8. De rechtbank zal verweerder veroordelen in de kosten die eiser heeft gemaakt. De kosten zijn op grond van het Besluit proceskosten bestuursrecht € 1.237,50 (1 punt voor het beroepschrift, 1 punt voor de schriftelijke reacties van 21 december 2016 en 24 februari 2017 en 0,5 punt voor het verschijnen ter nadere zitting van 28 maart 2017, wegingsfactor 1; voor het verschijnen ter zitting van 22 maart 2016 heeft de voorzieningenrechter in de uitspraak van 29 maart 2016 verweerder reeds veroordeeld in de kosten van eiser).

Beslissing

De rechtbank:
- verklaart het beroep gegrond;
- vernietigt het bestreden besluit;
- draagt verweerder op binnen een termijn van zes weken na verzending van deze uitspraak een nieuw besluit te nemen op de aanvraag van eiser;
- veroordeelt verweerder in de proceskosten en draagt verweerder op € 1.237,50 te betalen.
Deze uitspraak is gedaan door mr.
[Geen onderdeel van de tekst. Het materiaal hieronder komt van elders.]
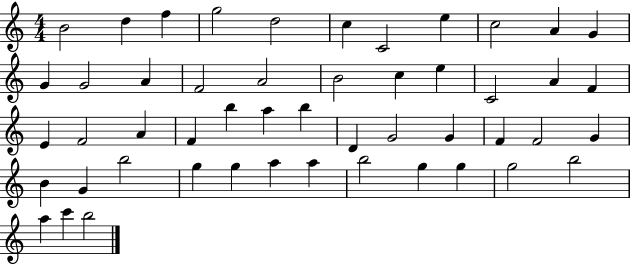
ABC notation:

X:1
T:Untitled
M:4/4
L:1/4
K:C
B2 d f g2 d2 c C2 e c2 A G G G2 A F2 A2 B2 c e C2 A F E F2 A F b a b D G2 G F F2 G B G b2 g g a a b2 g g g2 b2 a c' b2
J. van der Kluit, rechter, in aanwezigheid van mr. drs. S.R.N. Parlevliet, griffier. De beslissing is in het openbaar uitgesproken op 24 mei 2017.
griffier rechter
Afschrift verzonden aan partijen op:
Coll:

Rechtsmiddel

Tegen deze uitspraak kan binnen een week na de dag van verzending daarvan hoger beroep worden ingesteld bij de Afdeling bestuursrechtspraak van de Raad van State.